Minggu, 06 April 2014

Panggil Saya....."HAJI MANSYUR"



Panggil Saya…..”HAJI MANSYUR”

Oleh  :  pak Agus Balung



Untuk kesekian kalinya saya mendapatkan ilham sebagai  bahan tulisan buat artikel saya dari tamu yang datang untuk konsultasi ke tempat saya. Hari itu tamu saya datang dari Pamekasan, Madura. Sebenarnya keluhan beliau cuma stroke ringan dan selalu pusing. Ditengah tengah kosultasi, beliau berceloteh, bagaimana kalau saya ganti nama saja, biar sehat, gak sakit-sakitan, begitu kata beliau. Beliau berkata demikian, karena terinspirasi  saat nonton acara metafisika di salah satu stasiun televisi, nara sumbernya mengatakan bahwa dengan mengganti nama, dapat mengubah nasib sial menjadi bernasib baik. Saya gak jawab, diam saja. Tapi rekan kerja saya bilang, :  “Bisa saja, contohnya setiap selesai ibadah haji, selalu diganti namanya.”


Jawaban rekan kerja saya itu membuat saya penasaran. Lalu saya teringat peristiwa yang terjadi seminggu yang lalu. Saat itu saya shalat maghrib di Masjid jami’ Ubi 8. Saya bertemu dengan seorang kawan yang berasal dari tetangga desa, Bangsalsari, yang sudah saya kenal sebelumnya, tetapi belum tau namanya.  Karena merasa sama sama berasal dari Jember, maka saya cepat sekali merasa akrab, profesi kawan baru saya itu penarik becak. Nah, begitu kami bertemu lagi dimasjid untuk sama sama shalat maghrib, dia dengan rasa percaya diri yang tinggi mengulurkan tangannya, menjabat tangan saya dengan erat, sambil mengenalkan diri : “Haji Mansyur”.  Saya agak terperangah mendengarnya,  sampai saya lupa menyebutkan nama saya.

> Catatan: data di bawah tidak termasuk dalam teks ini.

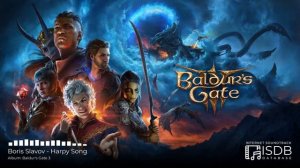 Boris Slavov - Harpy Song | Baldur's Gate 3 SOUNDTRACK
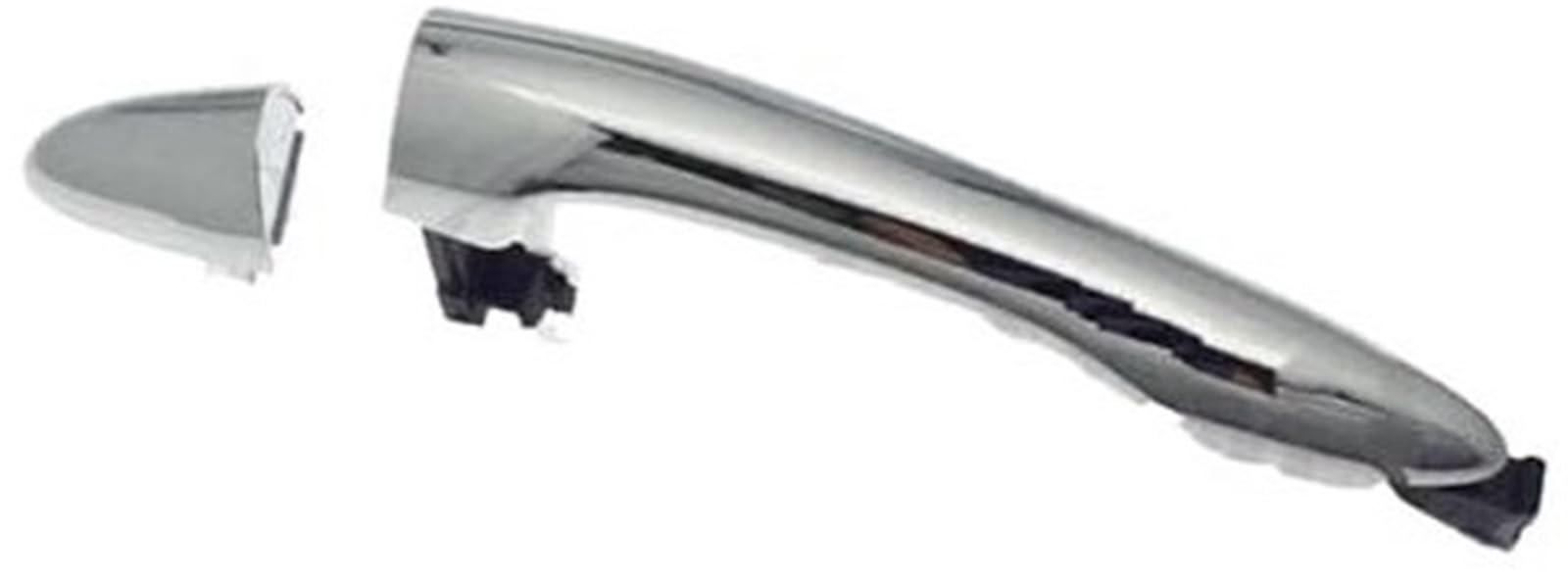 Szwaldaper Auto Außentürgriff, for Kia, for Sportage 2011-2016 82661-3W000 82651-3W000 83651-3W000 Chrom Vorne Hinten Links Rechts Außen Außentürgriff Autotürgriffabdeckung(Black Right Rear) von Szwaldaper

Suatu peristiwa yang mungkin sangat sederhana, bisa terjadi pada siapa saja, dan kapan saja. Tetapi tidak bagi saya. Bagi saya, itu lebih cenderung sebagai proklamasi diri dari teman saya itu, bahwa dia adalah seorang haji, walaupun dia seorang penarik becak.  Rupanya teman saya itu butuh pengakuan dari teman-temannya, terlebih lebih teman yang baru, seperti saya ini, bahwa dirinya sudah haji, dan menurutnya saya harus tau itu.


Fragmen sebabak diatas memaksa saya untuk buka buka literature tentang  : “Perlukah kita ganti nama setelah menunaikan ibadah haji”


Di antara kebiasaan jama’ah haji Indonesia sepulang dari menunaikan ibadah haji adalah mengganti nama yang menurut mereka lebih Islami.  Selain itu, setelah pulang ke kampung halamannya mereka langsung mendapatkan gelar “Haji/Hajjah” di depan namanya.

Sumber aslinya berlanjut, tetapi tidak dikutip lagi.